University of East Anglia, Norwich, United Kingdom.
J Exp Zool B Mol Dev Evol. 2013 Jan;320(1):47-56. doi: 10.1002/jez.b.22483. Epub 2012 Nov 26.
MicroRNAs (miRNAs) are a class of small non-coding RNA (sRNA) involved in gene regulation through mRNA decay and translational repression. In animals, miRNAs have crucial regulatory functions during embryonic development and they have also been implicated in several diseases such as cancer, cardiovascular and neurodegenerative disorders. As such, it is of importance to successfully characterize new miRNAs in order to further study their function. Recent advances in sequencing technologies have made it possible to capture a high-resolution snapshot of the complete sRNA content of an organism or tissue. A common approach to miRNA detection involves searching such data for telltale miRNA signatures. However, current miRNA prediction tools usually require a sequenced genome to analyse regions flanking aligned sRNA reads in order to identify characteristic miRNA hairpin secondary structures. Since only a handful of published genomes are available, there is a need for novel methods to identify miRNAs in sRNA datasets from high-throughput sequencing devices without requiring a reference genome. This paper presents miRPlex, a tool for miRNA prediction that requires only sRNA datasets as input. Mature miRNAs are predicted from such datasets through a multi-stage process, involving filtering, miRNA:miRNA* duplex generation and duplex classification using a support vector machine. Tests on sRNA datasets from model animals demonstrate that the tool is effective at predicting genuine miRNA duplexes, and, for some sets, achieves a high degree of precision when considering only the mature sequence.

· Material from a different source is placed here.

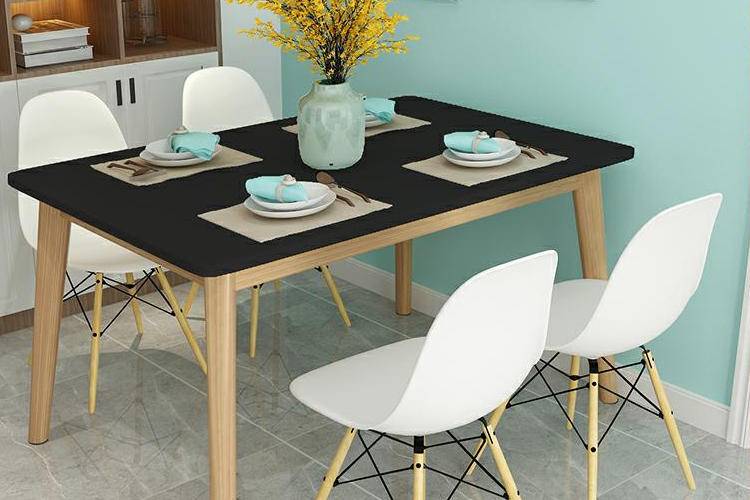 餐桌是圆还是方比较实用,餐桌选择圆还是方看完你就明白了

微小 RNA(miRNA)是一类小的非编码 RNA(sRNA),通过 mRNA 降解和翻译抑制参与基因调控。在动物中,miRNA 在胚胎发育过程中具有重要的调节功能,它们也与癌症、心血管和神经退行性疾病等多种疾病有关。因此,成功鉴定新的 miRNA 对于进一步研究其功能非常重要。测序技术的最新进展使得捕获生物体或组织中完整 sRNA 含量的高分辨率快照成为可能。一种常见的 miRNA 检测方法是在这些数据中搜索特征 miRNA 特征。然而,目前的 miRNA 预测工具通常需要一个测序的基因组来分析对齐 sRNA 读数侧翼的区域,以识别特征 miRNA 发夹二级结构。由于只有少数已发表的基因组可用,因此需要新的方法来在没有参考基因组的情况下从高通量测序设备的 sRNA 数据集中识别 miRNA。本文提出了 miRPlex,这是一种 miRNA 预测工具,仅需要 sRNA 数据集作为输入。通过一个涉及过滤、miRNA:miRNA*双链体生成和使用支持向量机进行双链体分类的多阶段过程,从这些数据集预测成熟 miRNA。对来自模型动物的 sRNA 数据集的测试表明,该工具有效地预测了真正的 miRNA 双链体,并且在仅考虑成熟序列的情况下,对于某些数据集,其精度达到了很高的水平。